Australia is a camper's paradise, unfortunatly there is almost no where you can actually legally camp. Back in the early seventies I could travel across Australia and only worry about money for food and fuel. Then about 1976 our erstwhild drooling, speech retarded premier King Joh decided it was better for the economy (at least that bit of it that provided accomodation for tourists) to ban camping beside the road. This set a precedent that has continued to the present day.
We used to have rest areas along every major road, a place to stop for a rest where you were permitted to camp for two days. With the upgrading of most of these roads the new roads are devoid of rest areas, stop at a super servo and pay, pay, pay.
Many municipalities also had camping areas with little or no amenities where you could camp for free. Twin Bridges and Savage's Crossing provided camping for several years then we sent out there for a picnic and found steel pickets (lengths of railway line) preventing vehicle access along about 5km of river, an area that has been used for camping and day trips since the first bullock dray stopped there over a hundred and fifty years ago.

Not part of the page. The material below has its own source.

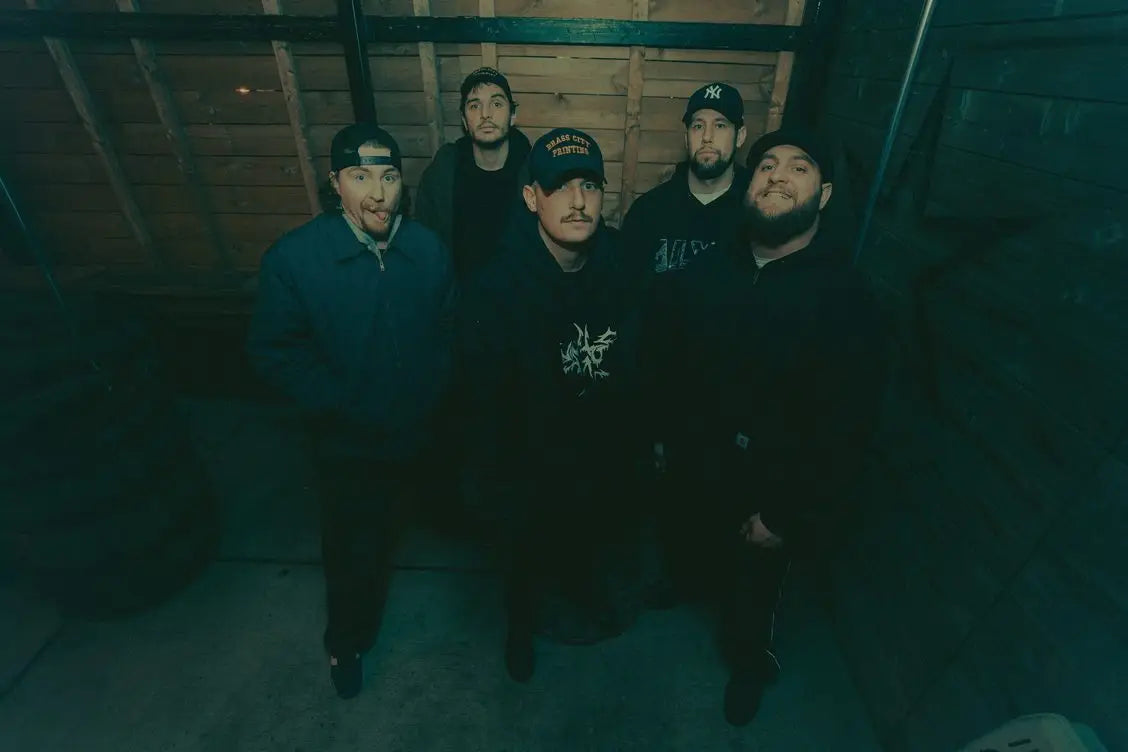 Long Island hardcore crew Pain of Truth recruit Steve Buhl of 200 Stab Wounds for new slobberknocker ’Actin’ Up’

Recently I found Mount May camp ground and for two years have been enjoying the free camping there but this weekend we arrived there to find strange concrete blocks in the ground, steel posts and signs everywhere. From Monday camping will be restricted to four camp sites that have to be pre-booked and paid for. So there is another place where someone with little money (most people I know) can go for a few days, have fun, run around and keep fit - all in nice clean, breathable air. Not now.
Turn the TV on and within fifteen minutes you see some propaganda crap about the obesity epidemic and reccomendations to get outside, get fit and get healthy - how. Unless you have money to burn there is almost nowhere to go now to do this legally or affordably. The old Sunday drive (the standaard work week was 60 hours back then) is no longer feasible, motorways aren't relaxing or interesting to drive down and the old back roads where you could stop at a creek or other waterway for a picnic are out - you can drive but forget the picnic. What's left to do - sit in front of the TV or some other electronic entertaining device and vegetate.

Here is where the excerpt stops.